The mid-season creep is inevitable. For those who don’t know, it’s when you feel your form running out and your body starting to tire of the load you have placed on it for many months in the search of the perfect race. In other words, it’s when you turn from lean mean racing machine into timid bunch filler.
After the Mzansi Tour in South Africa, I flew back to France and jumped right back into racing. Two races not going to plan later, I was convinced the mid-season creep had arrived. With a month of racing before my planned mid-season break, the only thing I could do was push through so I traded in long and intense training hours for some rest.
My self-prescribed cocktail of medicine consisted of some easy rides mixed in with a few casual days devouring a few books, cups of tea and my fair share of croissants. With the bounce in my step coming back, I decided it was time to resume some interval training. Mid-way through an interval session, while I was hooking it through a hairpin, I came to one conclusion: I was back.
With my form moving back in the right direction, I lined up in Maisod for one of the most savage races I have done this year. The Frenchies got it bang on before the start,” le course est tres dure!” The 4,5km circuit was made up of twisty, rolling roads that spat you out at the base of a steep 400m climb up to the finish. Such a short climb meant we were sprinting over it. No little ring. No pacing yourself. Just full throttle. 30 times.

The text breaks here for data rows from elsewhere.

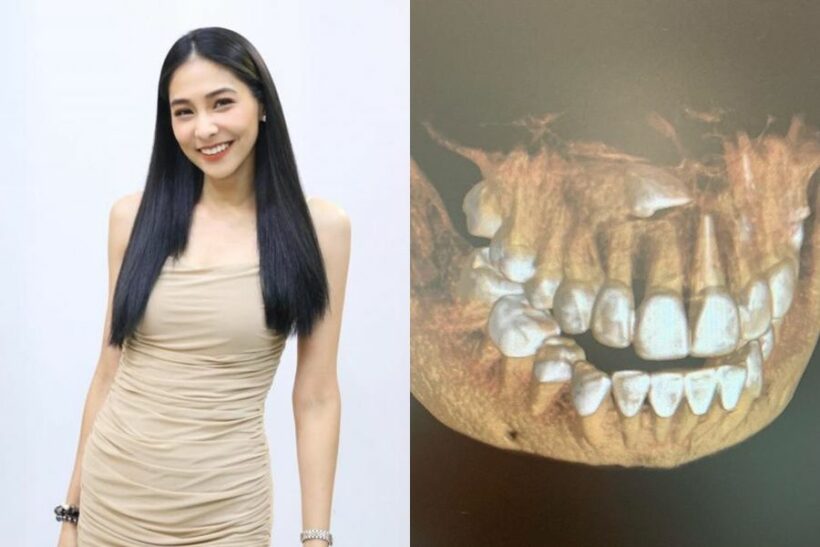 ผ่าออกด่วน! “บูม สุภาพร” ผ่าตัดฟันคุดโผล่กลางหน้าใกล้เส้นประสาท | The Thaiger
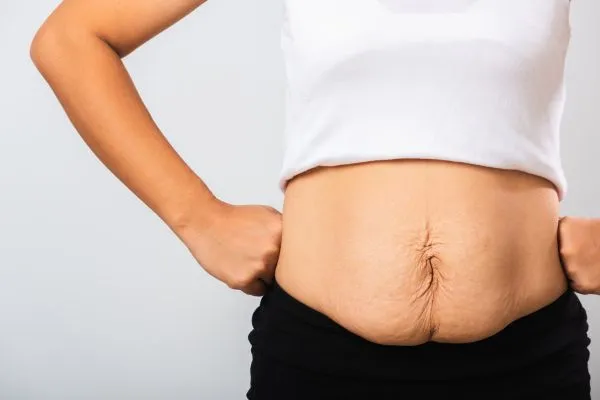 Image of a woman's stomach after weight loss with sagging skin following a gastric band Cheltenham
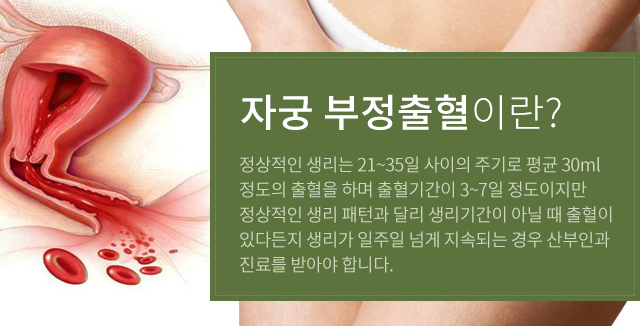 부정출혈이란?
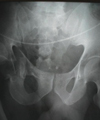 x-ray of a traumatic pelvic fracture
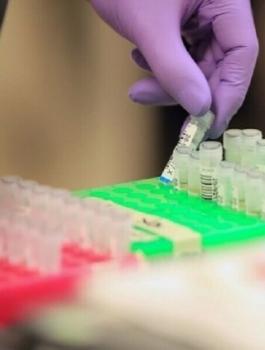 الوفيات والاصابات بكورونا في العالم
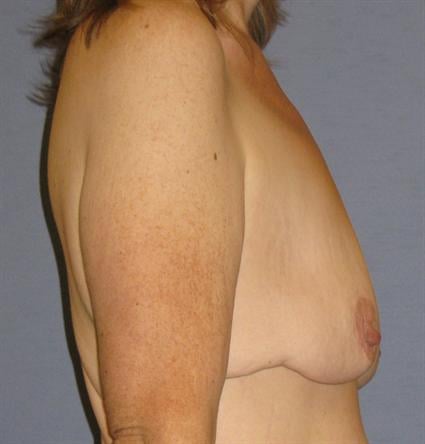 Breast Lift Before & After Patient #1297
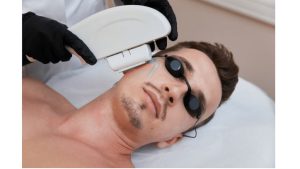 Laser Hair Removal - Partial Beard Or Underarms Or Toes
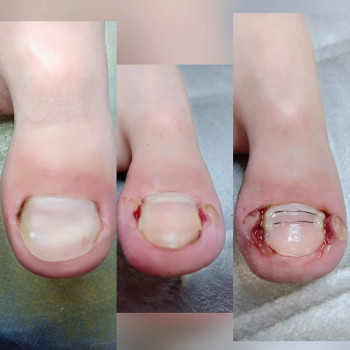 Катерина Діряба, Запоріжжя Фото - 14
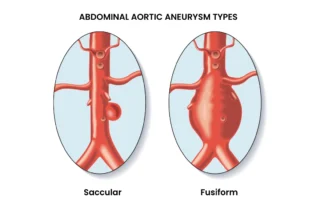 Abdominal Aortic Aneurysm Types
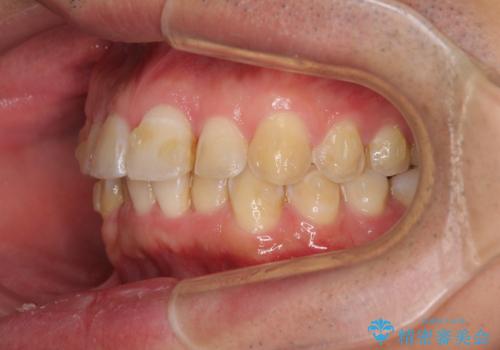 ディープバイトと叢生を解消 インビザライン矯正の治療中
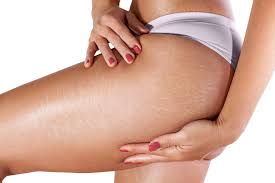 Learn about our laser treatment for stretch marks and scars using advanced co2 laser technology how can you improve the appearance of stretch marks? Stretch Marks Removal How Can You Get Real Results
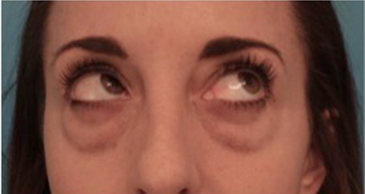 Lower Eyelid Blepharoplasty Patient #2 Before Photo # 7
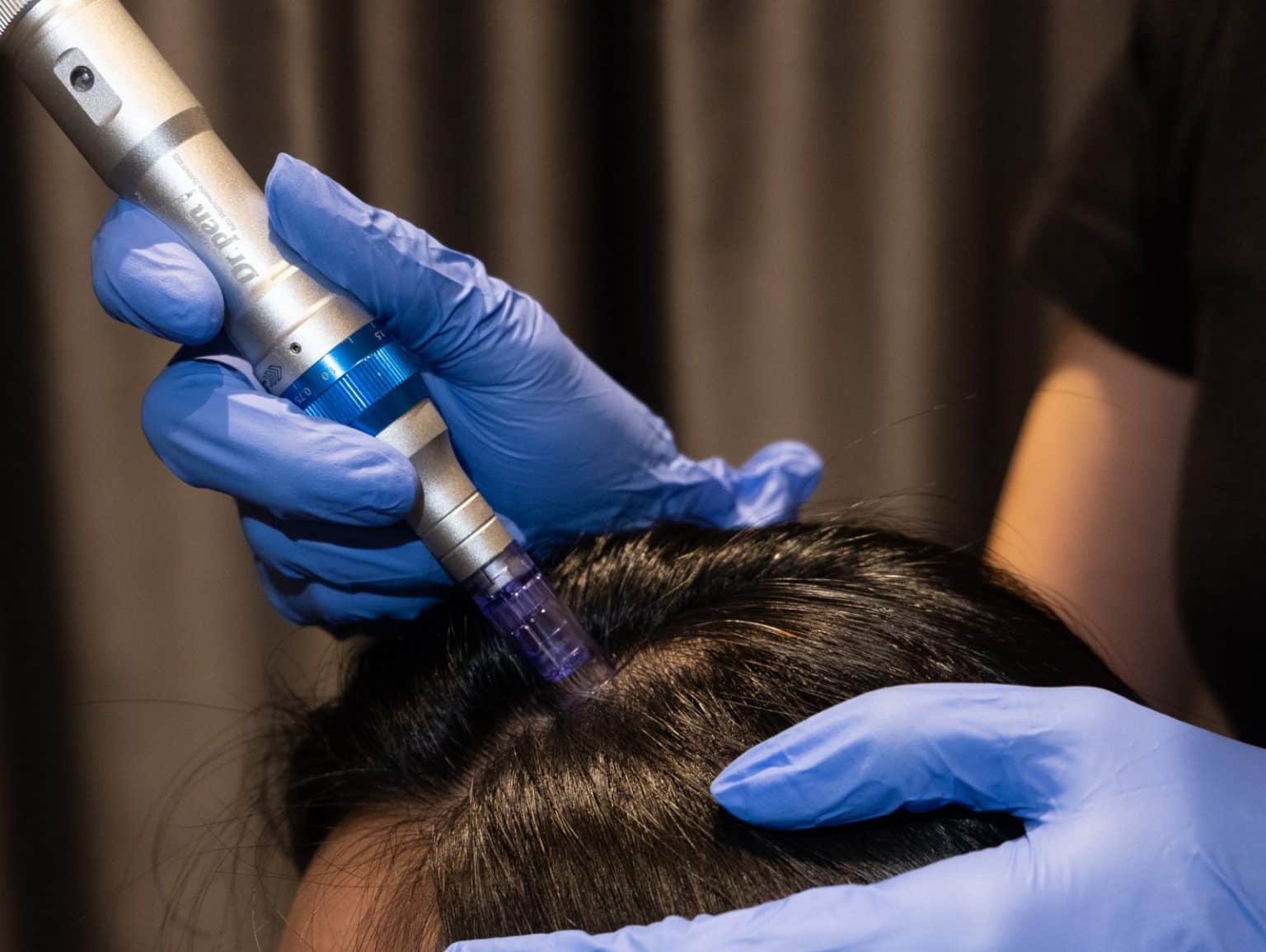 Medical microneedling pen on the scalp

With a twisty technical course it was necessary to stay right up front in order to keep track of what was going on and to be in the action. Many riders were slipping off the front and disappearing but after a mad 80km, the race was back together. Normally, this is the time when the attacks come flying from left, right and center to form the winning move. Not today.
Like a rider who has gone out way too hard in a time trial and blows up towards the end, the front bunch had a similar fate. The 30 man group began to coast and everyone started looking at each other desperately hoping no one had the legs to attack. After a brief window of recovery, one brave (read: suicidal) soul attacked off the front and with that things launched back into action. Next, the race favourite made his move to cross the 20sec gap to the now leading trio and, on a wing and a prayer, I went after him. I never reached his wheel but I was on the chase.
I chased in vain for a few kilometres before being swallowed up by the group and that was my final match burnt. The 40km left of race was a case of just hanging in. Each remaining lap riders were being shelled off the back and it was clear the race was no longer about position; we were all riding just to survive. I crossed the line in 16th and, to be honest, I was more relived to be done than I was with the position. All in all, not a bad showing under the cloud of the mid-season creep.